This recently energized constituency, undoubtedly a factor in Obama's overwhelming victory in November, now has cause to wonder whether it will in fact have any voice in the new political order. The disjunction between promise and delivery appears to be another dispiriting sign of this social movement's failure to reach hearts and change minds.

The limited appeal of the larger progressive agenda, however, should not be treated as Obama's limitation. American society is little more ready for a full-blown cultural revolution now than it was forty years ago when the movement first surfaced. The counterculture dream of a post-industrial society was seriously entertained by at most 15 percent of the population then, and by scarcely more today. A brief listing of the aspirations nursed over the past decades reveals its marginal impact on contemporary political debates: automated production, the diminishing burden of meaningless toil, expanding human services, cooperation and community rather than competition, holistic education, flourishing arts and creativity, open and decentralized public institutions, a democratized family, a revitalized relation to nature, lifestyle diversity, demilitarization, and the replacement of addictive consumption with enhanced forms of self-determination and pleasure.

In fact, it was the initial appearance of this movement that propelled conservatives to electoral success in recent decades.
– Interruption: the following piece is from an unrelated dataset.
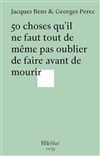 50 choses qu'il ne faut tout de même pas oublier de faire avant de mourir de Jacques Bens et Georges Perec - Théâtre du Nord Ouest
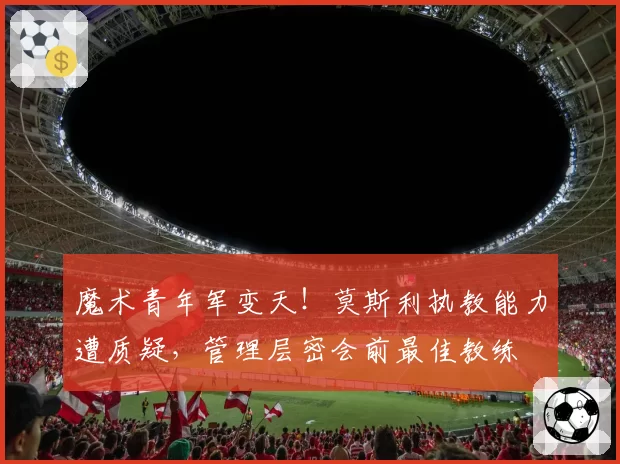 魔术青年军变天！莫斯利执教能力遭质疑，管理层密会前最佳教练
By exploiting the reactive cultural politics of the centrist fifty percent of the population, Barry Goldwater's quixotic campaign against the realities of modern governance was transformed into Ronald Reagan's mandate to restore a cultural golden age.

Reagan had gained national visibility as an opponent of the counterculture in California, and never -- as we see now from the collapse of his 19th century notion of small government -- had a serious alternative to the organizational state. But by using culture as a wedge, he was able to bring to the permanent anti-big government minority (about a third of the electorate at best) large elements of the culturally conservative center (Reagan Democrats) for economic retrenchment as well. In the process, the counterculture was driven figuratively (and often literally) into the wilderness.

Obama understands the electoral math. Given that the population remains similarly divided today, what would progressives have him do?

The collapse of free market Republicanism into a regional, largely rural, party provides an unparalleled opportunity for political realignment. But is it realistic to imagine a turn to what noted political scientist Ronald Inglehart calls the post-materialist society so popular in Europe? The progressive dilemma is that such an agenda would breathe new life into the right, whose only hope now in its resistance to a modern political order is to pick off centrist defectors from the Obama coalition.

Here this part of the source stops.